• _ACTION ITEM_:
Going line by line through the records below, write out everything starting with the line containing "Hansgrohe Raindance Select" and going on through the line containing "Gala-Xi Sweatshirt 25Y-GX-2512314003 - Siyah", exactly and inclusively. Pictures do not go in.

• _RECORD EXTRACTS_:
--*--

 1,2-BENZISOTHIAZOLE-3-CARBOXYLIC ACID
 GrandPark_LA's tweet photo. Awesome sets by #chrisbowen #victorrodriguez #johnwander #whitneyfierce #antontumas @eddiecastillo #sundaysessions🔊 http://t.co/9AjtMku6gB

--*--

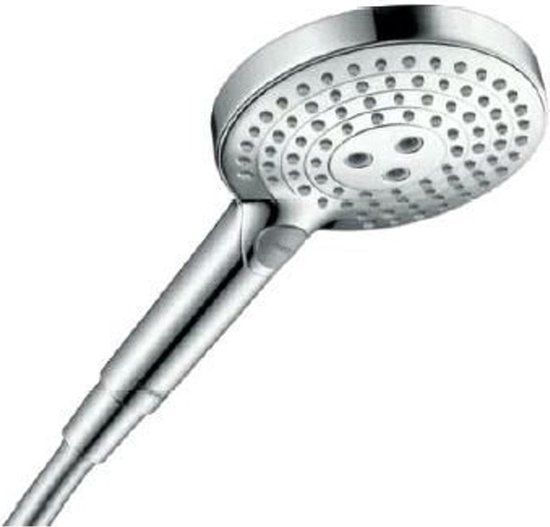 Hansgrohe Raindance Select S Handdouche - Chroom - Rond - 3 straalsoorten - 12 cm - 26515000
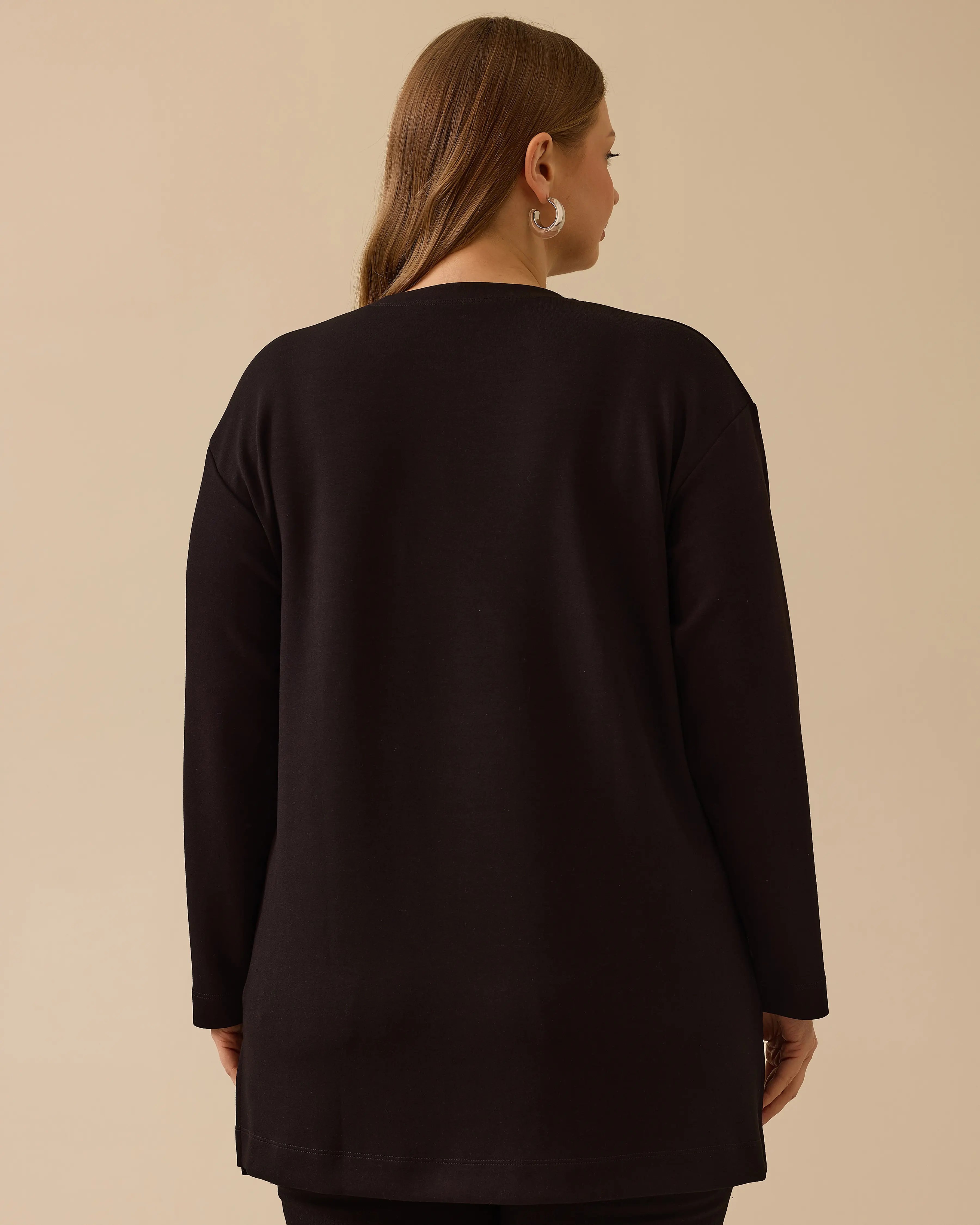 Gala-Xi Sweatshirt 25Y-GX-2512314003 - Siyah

--*--

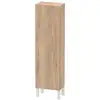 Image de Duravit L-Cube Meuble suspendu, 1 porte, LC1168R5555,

--*--

• _EXERCISE RESPONSE_:
 Hansgrohe Raindance Select S Handdouche - Chroom - Rond - 3 straalsoorten - 12 cm - 26515000
 Gala-Xi Sweatshirt 25Y-GX-2512314003 - Siyah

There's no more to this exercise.